Postby My pseudonym is Ix » 26 Jun 2015, 12:05

As has previously been stated, I LOVE Crusader Kings II. I like the strategy, the history, the politics, and just generally enjoy the way Paradox make games. So, to me, the endless barrage of aggravated annoyance that goes back and forth between Cam and his stream/twitter followers regarding the game is both endlessly sad (as is usually the case in any situation where more people are interested in the argument than the actual game) but also a case for insightful thought regarding both CK2 and the game Cam was playing on his last stream, Civilisation V. Which, given how bored and in the mood for intellectual stimulation I'm feeling right now, means I find myself writing this- a tentative analysis and comparison of the ideas behind and expressed in each of these games, and what it is that draws fans to each of them.

To be clear: I am not writing this because I want Cam or anyone else to play either of these games for me. I think that Cam should absolutely get to decide what he wants to stream and that we collectively must learn to accept that, and that anyone else who is interested should take each game as they come to them and according to their own preferences. I'm writing this because I think this kind of thinking is interesting, and because I'm bored and want to get my brain in gear.

Oh, and a final warning- strap in, this is gonna be a rather long one.

So- Civilisation. Arguably the crowned king of strategy games, for its longevity if nothing else, and also for its characteristic combination of scale, simplicity and balance. The game's nearly endless replay value arises from it's utterly tight mechanical design- the game is simple, involving the management of less than ten basic resources (food, production, culture, science, faith, happiness, gold, city-state opinion and military), all of which are visible in simple numerical amounts and have clear mechanical function. These resources then proceed to interlink with one another in such a way as to make them all valuable and to lend the game great tactical and strategic depth from its apparently simplistic makeup. Added to that, the world and factions add to the strategic puzzle the game poses- you must constantly adapt your strategy to suit your location, the available resources, who is around you and, of course, who you are playing as and against. Cam's typical 'ALL THE SCIENCE' game plan works very well with his leader of preference, Nebuchadnezzar, for example, but if he were to attempt victory as Oda Nobunaga he'd be more likely to take the 'CRUSH ALL BENEATH MY FEET' route to success.

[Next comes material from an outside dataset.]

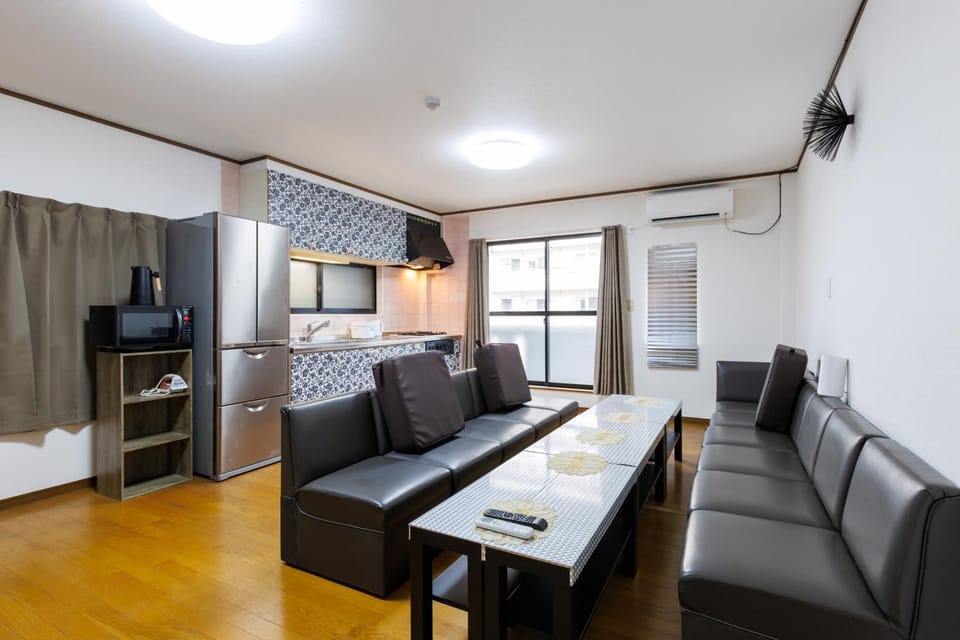 Kitchen or kitchenette, Living room, air conditioner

This would not, however, be typical of Cam's approach to the game, which leads into the other aspect of Civilisation's appeal- its flavour. Civilisation sells itself as a game designed to celebrate the history, variety and depth of human civilisation over the years, and attempts to reflect that in its mechanical design. The Zulus kick ass early game by crushing all beneath the feet of their Impi, whilst the great mechanised nations of today (such as the USA) come to the fore more in the late-game. The Babylonians will become scientists, the Venetians will hole up in a corner somewhere and attempt to build the greatest city in the world- you are never tracking the game progression of transparent entities, but tracking the rise and fall of some of the greatest empires the world has ever seen. Beyond that is what seems to draw Cam to the game- the ability to try and build a world, be it an apocalyptic wasteland or some version of utopia. The opportunity to become master of the fate of a world, to try and build something good, to show that it's possible as much as anything else, is a powerful draw. Not only that, but as the argument surrounding Cam and Crusader Kings shows, it is an experience that simply cannot be replicated by an experience such as CK2, which (whichever way you swing it) pitches you into a world that is bloodthirsty, brutal, driven by hatred and greed, and is full of prejudice at every turn.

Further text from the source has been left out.